**COLLECTED DATA:**

===

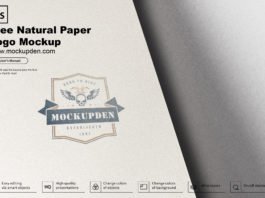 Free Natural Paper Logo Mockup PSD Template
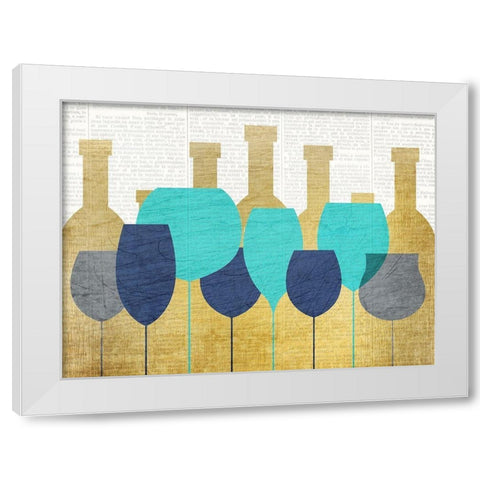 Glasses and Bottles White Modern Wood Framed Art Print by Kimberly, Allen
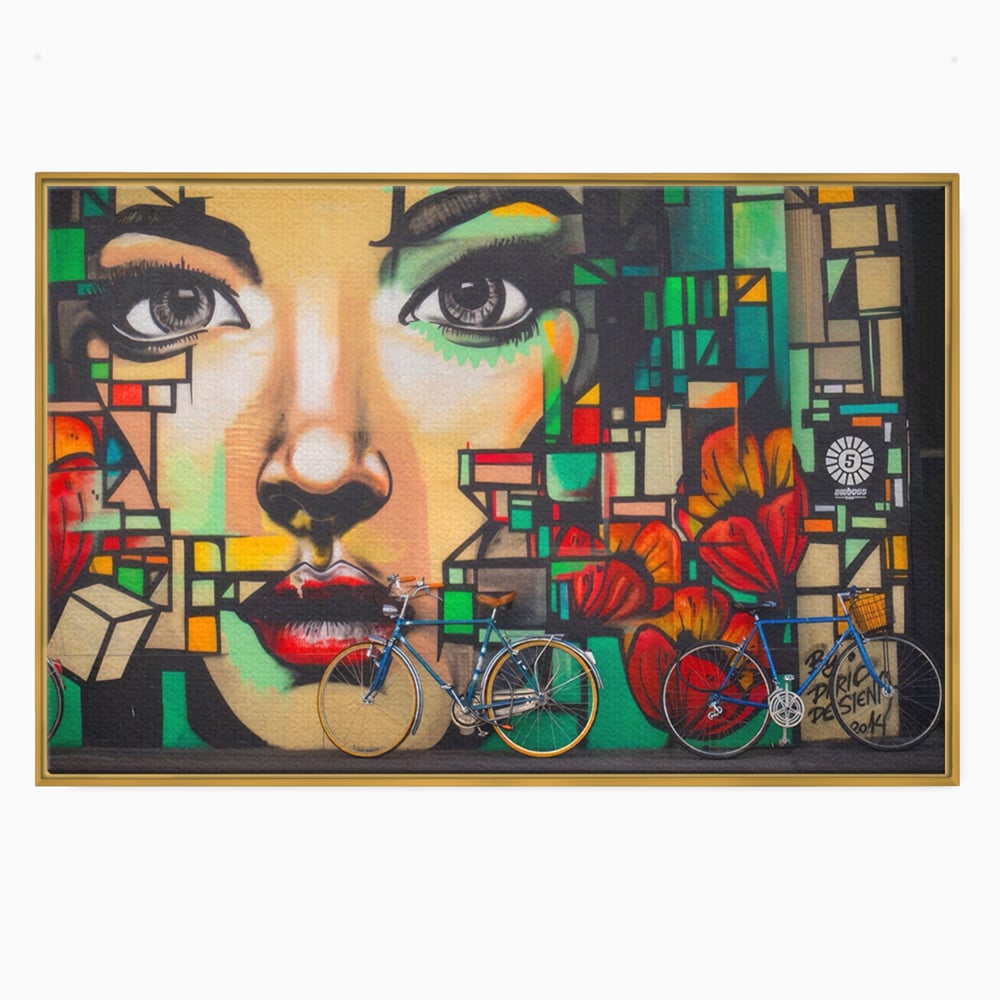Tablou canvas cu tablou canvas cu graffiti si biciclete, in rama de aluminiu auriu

===

**ACTION ITEM:** Set down the data above word for word, leaving every picture out.

**FINAL ANSWER:**
 Free Natural Paper Logo Mockup PSD Template
 Glasses and Bottles White Modern Wood Framed Art Print by Kimberly, Allen
Tablou canvas cu tablou canvas cu graffiti si biciclete, in rama de aluminiu auriu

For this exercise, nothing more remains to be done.